Ce Grand Chœur est combiné à un Récit que nous confions à la Trompette, accompagné par les Flûtes du Positif et de la Pédale. Par trois fois, des changements de registres sont donc nécessaires, facilités par d’opportuns points d’orgue : ils consistent à alterner jeux d’anches et jeux d’accompagnement aux claviers concernés.
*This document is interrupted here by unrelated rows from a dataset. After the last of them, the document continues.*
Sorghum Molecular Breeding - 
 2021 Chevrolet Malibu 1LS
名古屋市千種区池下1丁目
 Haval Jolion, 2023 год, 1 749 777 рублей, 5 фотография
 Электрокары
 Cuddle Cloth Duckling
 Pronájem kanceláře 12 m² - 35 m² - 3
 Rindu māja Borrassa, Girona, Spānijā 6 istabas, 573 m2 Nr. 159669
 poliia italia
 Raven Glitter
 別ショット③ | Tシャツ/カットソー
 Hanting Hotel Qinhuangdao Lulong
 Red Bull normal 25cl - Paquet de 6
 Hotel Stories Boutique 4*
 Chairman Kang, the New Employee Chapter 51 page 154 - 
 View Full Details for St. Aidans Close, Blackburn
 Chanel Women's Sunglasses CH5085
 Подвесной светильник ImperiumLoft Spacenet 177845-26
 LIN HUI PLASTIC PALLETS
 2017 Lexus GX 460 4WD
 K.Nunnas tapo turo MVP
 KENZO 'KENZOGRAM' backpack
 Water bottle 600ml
Le Grand-orgue et la Bombarde demeurent disponibles pour quelques interventions ; une stricte observance de la règle « bédienne » réclame d’enlever l’accouplement pour éviter le mélange des Flûtes et des grandes anches.

Dans les concertos auxquels s’apparente cette pièce, les organistes postclassiques évitaient les changements de registres en se passant d’accouplement Positif/Grand-orgue et en laissant les Flûtes du Positif et de la Pédale tout du long, cette dernière étant sollicitée pour soutenir en doublure le Grand chœur. Cette disposition n’est cependant pas possible ici, les passages sur le Grand chœur réclamant l’emploi du Positif et, ponctuellement, l’appoint d’une Pédale indépendante.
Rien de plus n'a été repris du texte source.